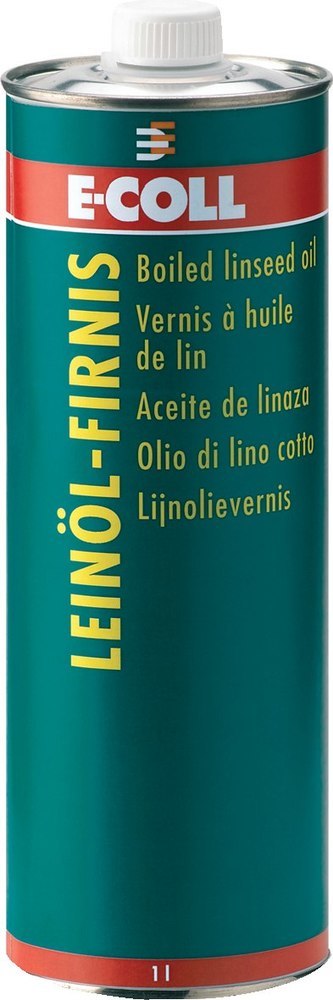 E-COLL Leinöl-Firnis silikon-/bleifrei, Anstrich- und Imprägniermittel 1L Dose Produktbild img1 L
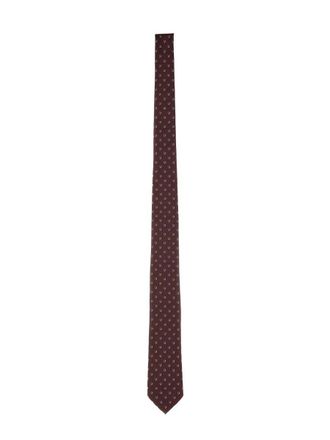 Ferragamo Jacquard Gancini Tie-Uomo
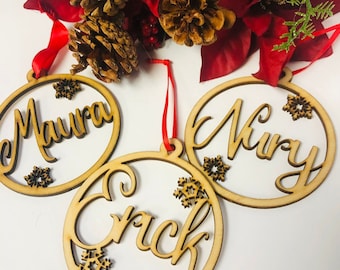Christmas Personalized Ornaments  CHRISTMAS Tree Rustic decor Christmas Baubles personalized ornament Bolas de Navidad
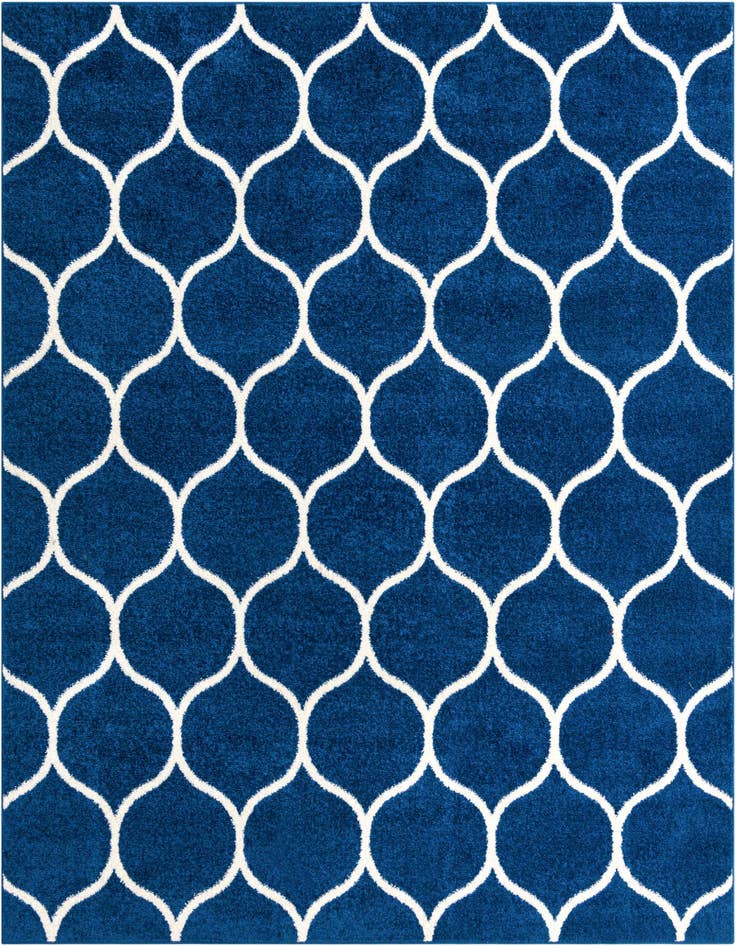 Detail image of 7' x 7' Trellis Frieze Square Rug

* _Work required_
Set down word for word each line from the one containing "Christmas Personalized Ornaments" through the end of the material, and keep the pictures out of it.

* _Reply_
Christmas Personalized Ornaments  CHRISTMAS Tree Rustic decor Christmas Baubles personalized ornament Bolas de Navidad
 Detail image of 7' x 7' Trellis Frieze Square Rug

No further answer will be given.